Abstract:
Since the advent of sequencing techniques and due to their continuous evolution, it has become easier and less expensive to obtain the complete genome sequence of any organism. Nevertheless, to elucidate all biological processes governing organism development, quality annotation is essential. In genome annotation, predicting gene structure is one of the most important and captivating challenges for computational biology. This aspect of annotation requires continual optimization, particularly for genomes as unusual as those of microsporidia. Indeed, this group of fungal-related parasites exhibits specific features (highly reduced gene sizes, sequences with high rate of evolution) linked to their evolution as intracellular parasites, requiring the implementation of specific annotation approaches to consider all these features.

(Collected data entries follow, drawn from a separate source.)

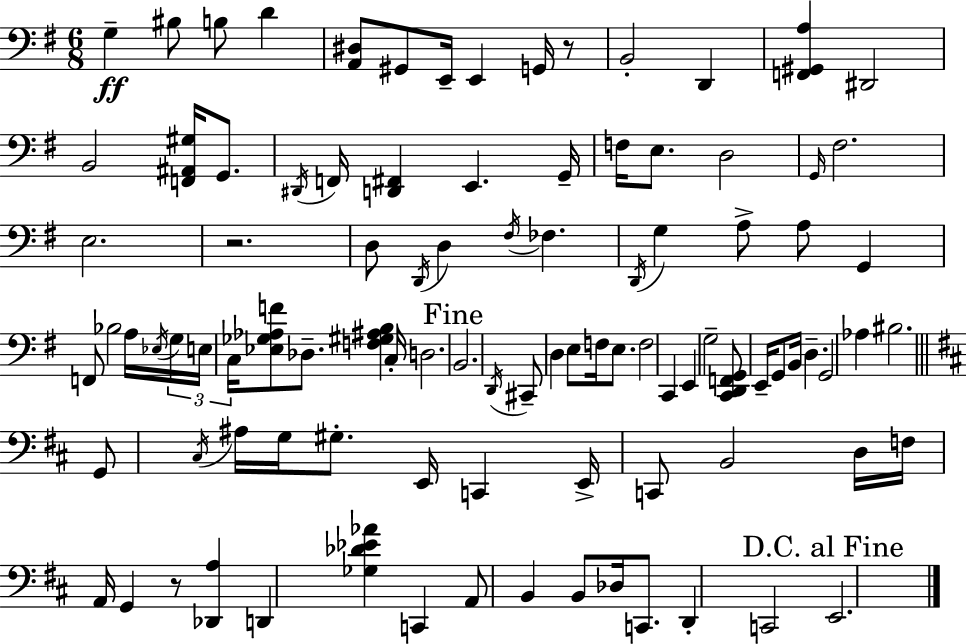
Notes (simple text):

G3/q BIS3/e B3/e D4/q [A2,D#3]/e G#2/e E2/s E2/q G2/s R/e B2/h D2/q [F2,G#2,A3]/q D#2/h B2/h [F2,A#2,G#3]/s G2/e. D#2/s F2/s [D2,F#2]/q E2/q. G2/s F3/s E3/e. D3/h G2/s F#3/h. E3/h. R/h. D3/e D2/s D3/q F#3/s FES3/q. D2/s G3/q A3/e A3/e G2/q F2/e Bb3/h A3/s Eb3/s G3/s E3/s C3/s [Eb3,Gb3,Ab3,F4]/e Db3/e. [F3,G#3,A#3,B3]/q C3/s D3/h. B2/h. D2/s C#2/e D3/q E3/e F3/s E3/e. F3/h C2/q E2/q G3/h [C2,D2,F2,G2]/e E2/s G2/e B2/s D3/q. G2/h Ab3/q BIS3/h. G2/e C#3/s A#3/s G3/s G#3/e. E2/s C2/q E2/s C2/e B2/h D3/s F3/s A2/s G2/q R/e [Db2,A3]/q D2/q [Gb3,Db4,Eb4,Ab4]/q C2/q A2/e B2/q B2/e Db3/s C2/e. D2/q C2/h E2/h.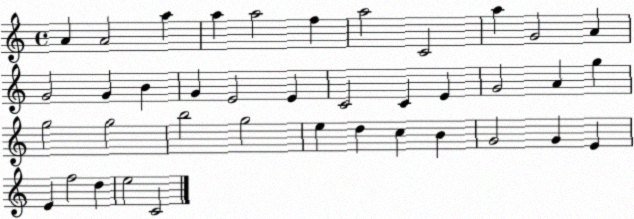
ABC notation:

X:1
T:Untitled
M:4/4
L:1/4
K:C
A A2 a a a2 f a2 C2 a G2 A G2 G B G E2 E C2 C E G2 A g g2 g2 b2 g2 e d c B G2 G E E f2 d e2 C2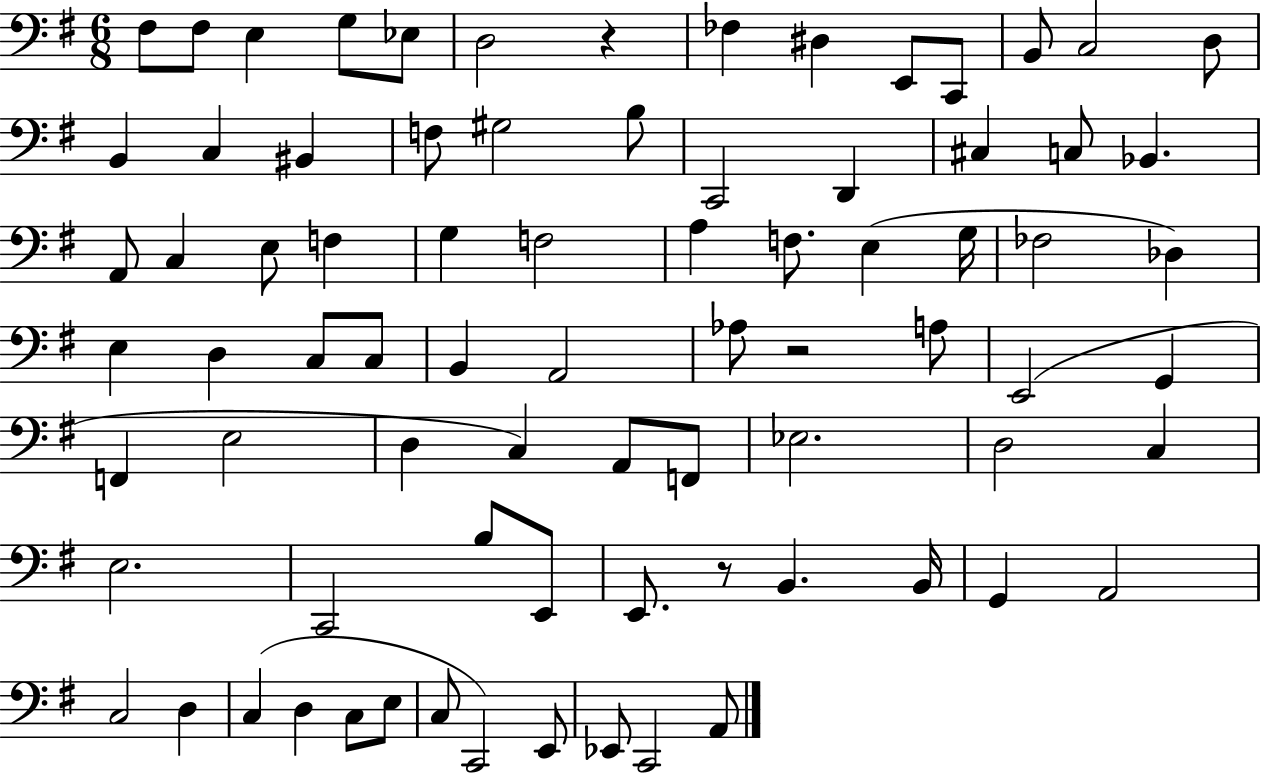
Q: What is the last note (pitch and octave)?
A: A2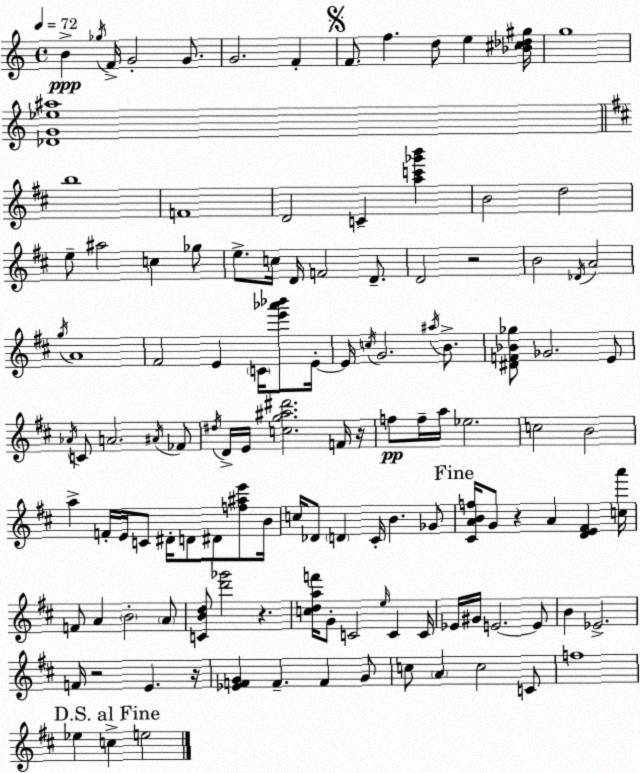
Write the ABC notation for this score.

X:1
T:Untitled
M:4/4
L:1/4
K:Am
B _g/4 F/4 G2 G/2 G2 F F/2 f d/2 e [_B^c_d^g]/4 g4 [_DG_e^a]4 b4 F4 D2 C [ac'_g'b'] B2 d2 e/2 ^a2 c _g/2 e/2 c/4 D/4 F2 D/2 D2 z2 B2 _D/4 A2 g/4 A4 ^F2 E C/4 [e'_a'_b']/2 E/4 E/4 c/4 G2 ^a/4 B/2 [^DF_B_g]/2 _G2 E/2 _A/4 C/2 A2 ^A/4 _F/2 ^d/4 D/4 E/4 [cg^a^d']2 F/4 z/4 f/2 f/4 a/4 _e2 c2 B2 a F/4 E/4 C/2 ^D/4 D/2 ^D/2 [f^ae']/2 B/4 c/4 _D/2 D ^C/4 B _G/2 [^CABf]/4 G/2 z A [DE^F] [ca']/4 F/2 A B2 A/2 [CBd]/2 [d'_g']2 z [cdaf']/4 G/2 C2 e/4 C C/4 _E/4 ^G/4 E2 E/2 B _E2 F/4 z2 E z/4 [_EFG] F F G/2 c/2 A c2 C/2 f4 _e c e2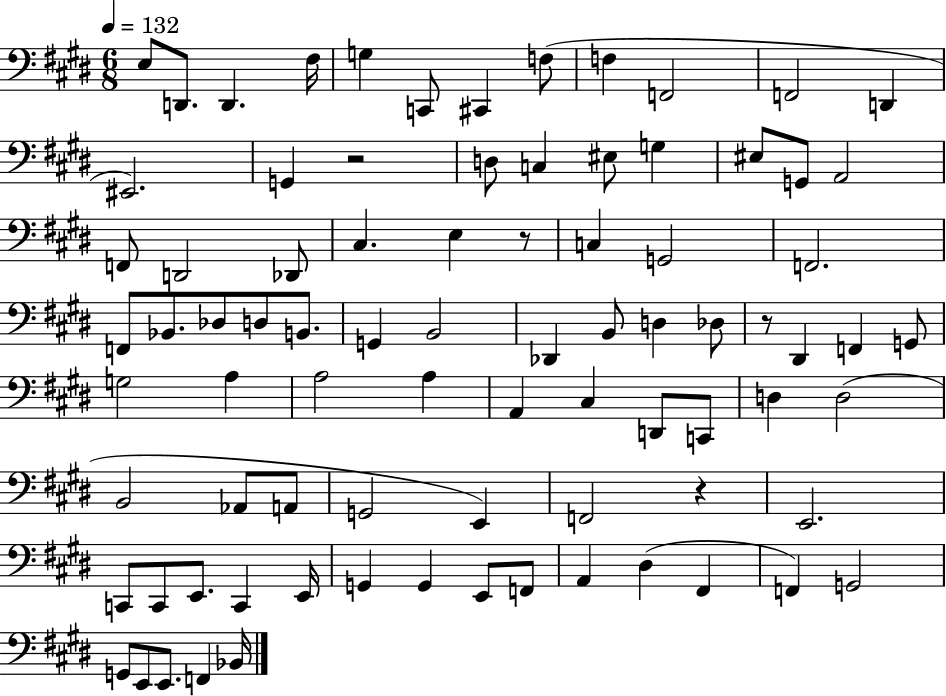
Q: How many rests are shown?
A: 4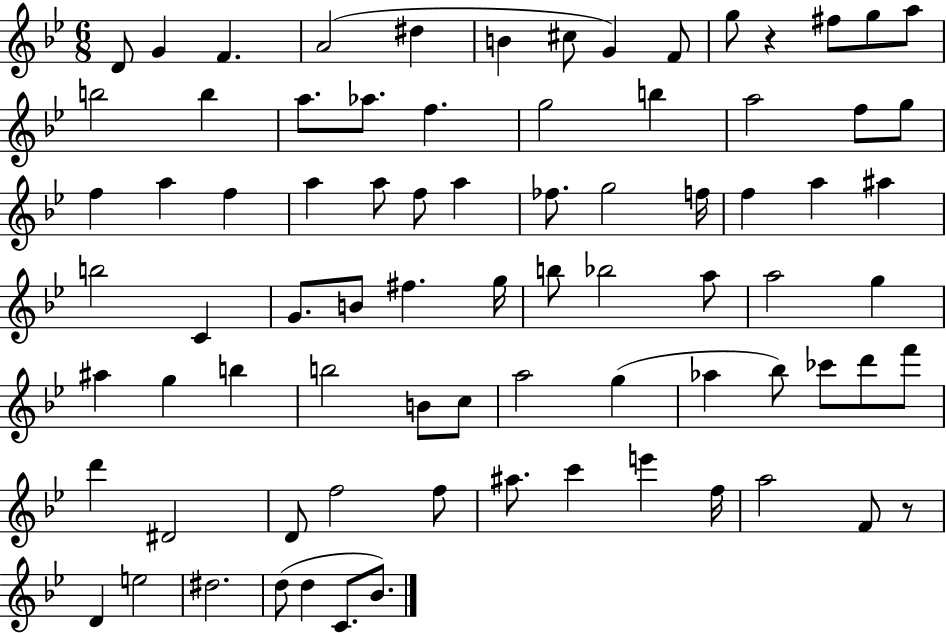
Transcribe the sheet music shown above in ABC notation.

X:1
T:Untitled
M:6/8
L:1/4
K:Bb
D/2 G F A2 ^d B ^c/2 G F/2 g/2 z ^f/2 g/2 a/2 b2 b a/2 _a/2 f g2 b a2 f/2 g/2 f a f a a/2 f/2 a _f/2 g2 f/4 f a ^a b2 C G/2 B/2 ^f g/4 b/2 _b2 a/2 a2 g ^a g b b2 B/2 c/2 a2 g _a _b/2 _c'/2 d'/2 f'/2 d' ^D2 D/2 f2 f/2 ^a/2 c' e' f/4 a2 F/2 z/2 D e2 ^d2 d/2 d C/2 _B/2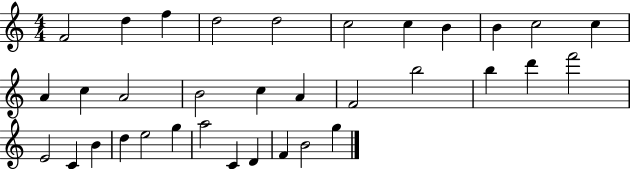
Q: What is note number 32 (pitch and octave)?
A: F4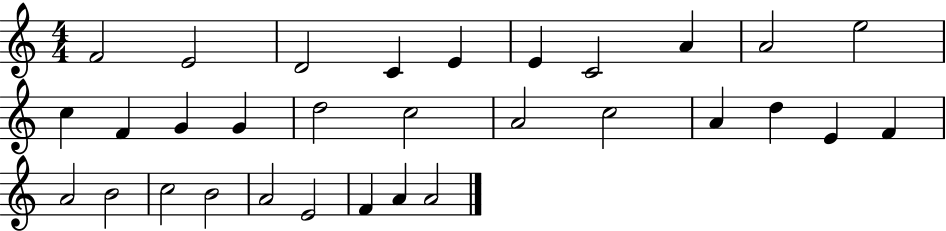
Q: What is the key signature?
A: C major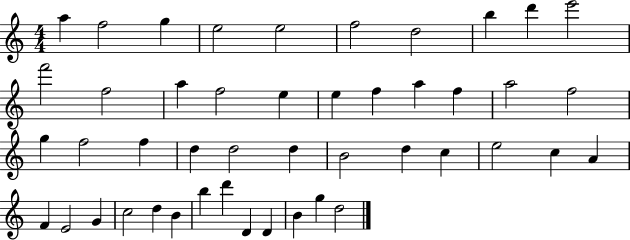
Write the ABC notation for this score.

X:1
T:Untitled
M:4/4
L:1/4
K:C
a f2 g e2 e2 f2 d2 b d' e'2 f'2 f2 a f2 e e f a f a2 f2 g f2 f d d2 d B2 d c e2 c A F E2 G c2 d B b d' D D B g d2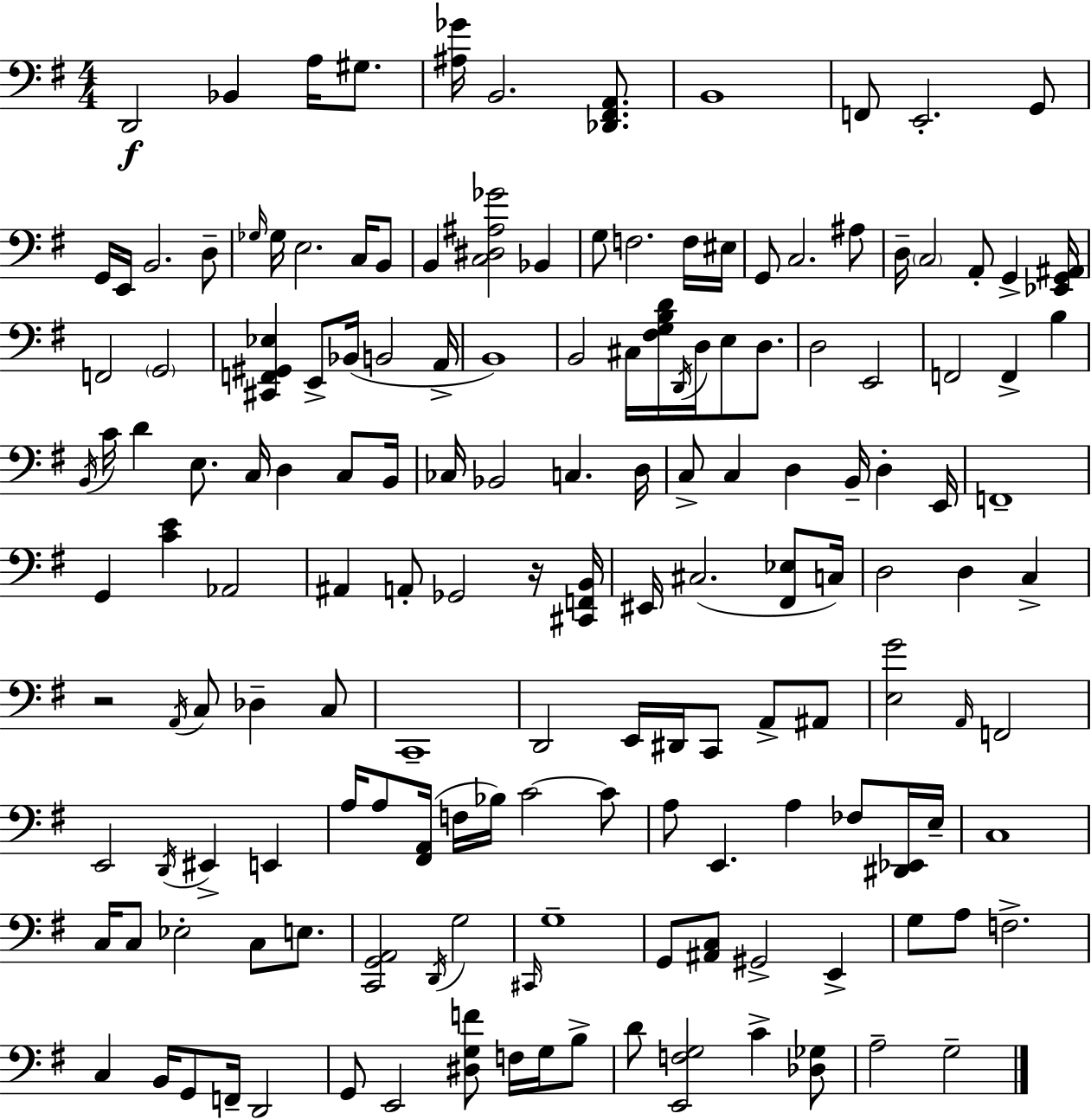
X:1
T:Untitled
M:4/4
L:1/4
K:G
D,,2 _B,, A,/4 ^G,/2 [^A,_G]/4 B,,2 [_D,,^F,,A,,]/2 B,,4 F,,/2 E,,2 G,,/2 G,,/4 E,,/4 B,,2 D,/2 _G,/4 _G,/4 E,2 C,/4 B,,/2 B,, [C,^D,^A,_G]2 _B,, G,/2 F,2 F,/4 ^E,/4 G,,/2 C,2 ^A,/2 D,/4 C,2 A,,/2 G,, [_E,,G,,^A,,]/4 F,,2 G,,2 [^C,,F,,^G,,_E,] E,,/2 _B,,/4 B,,2 A,,/4 B,,4 B,,2 ^C,/4 [^F,G,B,D]/4 D,,/4 D,/4 E,/2 D,/2 D,2 E,,2 F,,2 F,, B, B,,/4 C/4 D E,/2 C,/4 D, C,/2 B,,/4 _C,/4 _B,,2 C, D,/4 C,/2 C, D, B,,/4 D, E,,/4 F,,4 G,, [CE] _A,,2 ^A,, A,,/2 _G,,2 z/4 [^C,,F,,B,,]/4 ^E,,/4 ^C,2 [^F,,_E,]/2 C,/4 D,2 D, C, z2 A,,/4 C,/2 _D, C,/2 C,,4 D,,2 E,,/4 ^D,,/4 C,,/2 A,,/2 ^A,,/2 [E,G]2 A,,/4 F,,2 E,,2 D,,/4 ^E,, E,, A,/4 A,/2 [^F,,A,,]/4 F,/4 _B,/4 C2 C/2 A,/2 E,, A, _F,/2 [^D,,_E,,]/4 E,/4 C,4 C,/4 C,/2 _E,2 C,/2 E,/2 [C,,G,,A,,]2 D,,/4 G,2 ^C,,/4 G,4 G,,/2 [^A,,C,]/2 ^G,,2 E,, G,/2 A,/2 F,2 C, B,,/4 G,,/2 F,,/4 D,,2 G,,/2 E,,2 [^D,G,F]/2 F,/4 G,/4 B,/2 D/2 [E,,F,G,]2 C [_D,_G,]/2 A,2 G,2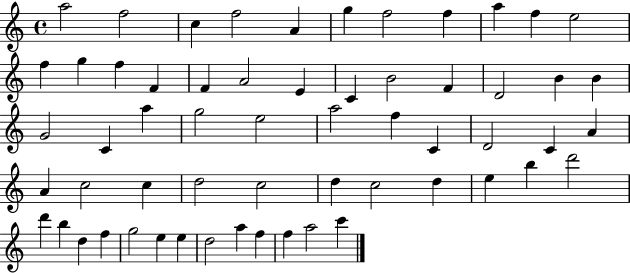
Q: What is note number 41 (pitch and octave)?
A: D5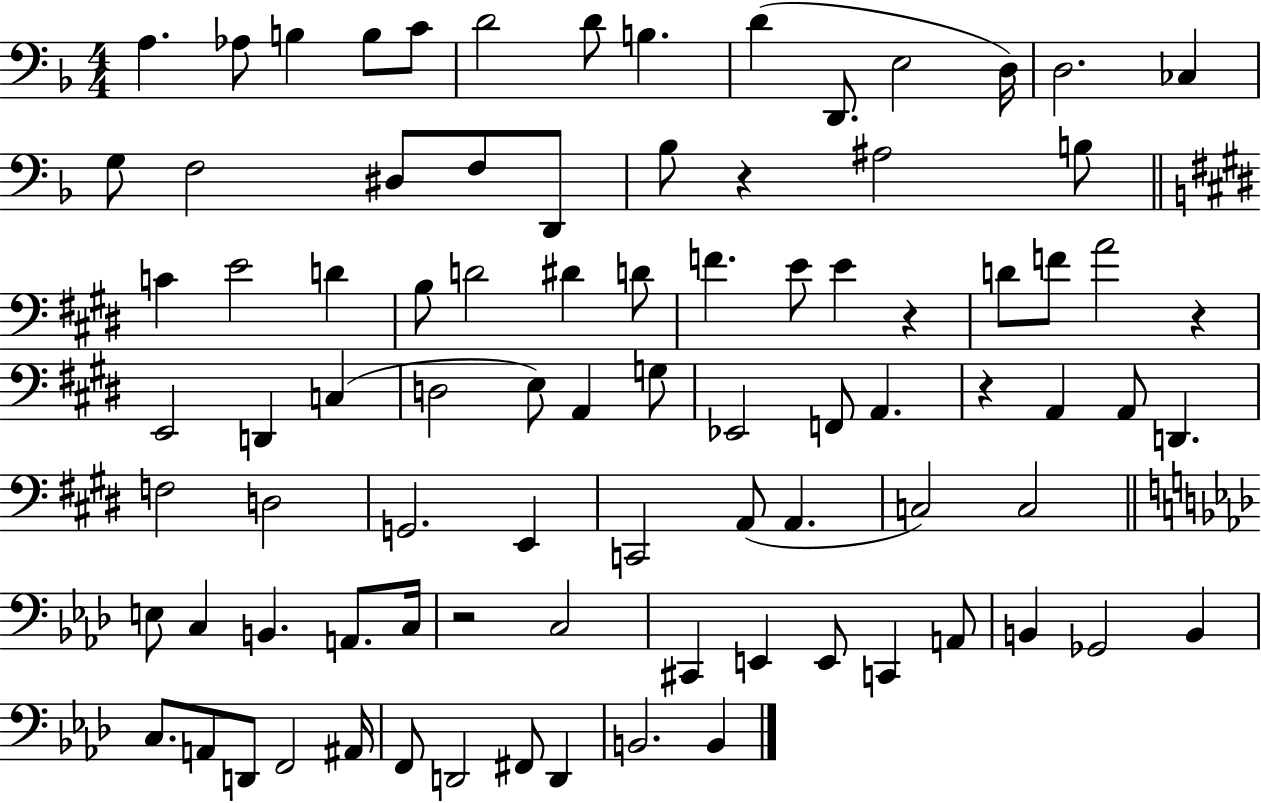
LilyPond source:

{
  \clef bass
  \numericTimeSignature
  \time 4/4
  \key f \major
  \repeat volta 2 { a4. aes8 b4 b8 c'8 | d'2 d'8 b4. | d'4( d,8. e2 d16) | d2. ces4 | \break g8 f2 dis8 f8 d,8 | bes8 r4 ais2 b8 | \bar "||" \break \key e \major c'4 e'2 d'4 | b8 d'2 dis'4 d'8 | f'4. e'8 e'4 r4 | d'8 f'8 a'2 r4 | \break e,2 d,4 c4( | d2 e8) a,4 g8 | ees,2 f,8 a,4. | r4 a,4 a,8 d,4. | \break f2 d2 | g,2. e,4 | c,2 a,8( a,4. | c2) c2 | \break \bar "||" \break \key aes \major e8 c4 b,4. a,8. c16 | r2 c2 | cis,4 e,4 e,8 c,4 a,8 | b,4 ges,2 b,4 | \break c8. a,8 d,8 f,2 ais,16 | f,8 d,2 fis,8 d,4 | b,2. b,4 | } \bar "|."
}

This review aimed to outline these characteristics and to assess the increasingly efficient approaches and tools that have enhanced the accuracy of gene prediction for microsporidia, both in terms of sensitivity and specificity. Subsequently, a final part will be dedicated to postgenomic approaches aimed at reinforcing the annotation data generated by prediction software. These approaches include the characterization of other understudied genes, such as those encoding regulatory noncoding RNAs or very small proteins, which also play crucial roles in the life cycle of these microorganisms.
摘要:
自从测序技术出现以来,由于它们的不断发展,获得任何生物体的完整基因组序列变得更容易和更便宜。然而,阐明控制生物体发育的所有生物过程,质量注释是必不可少的。在基因组注释中,预测基因结构是计算生物学最重要和最吸引人的挑战之一。注释的这一方面需要持续优化,特别是对于像微孢子虫这样不寻常的基因组。的确,这组真菌相关的寄生虫表现出特定的特征(高度减少的基因大小,具有高进化率的序列)与它们作为细胞内寄生虫的进化有关,需要实现特定的注释方法来考虑所有这些功能。这篇综述旨在概述这些特征,并评估提高微孢子虫基因预测准确性的日益有效的方法和工具。无论是敏感性还是特异性。随后,最后一部分将致力于旨在加强预测软件生成的注释数据的后基因组方法。这些方法包括表征其他未被研究的基因,例如那些编码调节性非编码RNA或非常小的蛋白质,在这些微生物的生命周期中也起着至关重要的作用。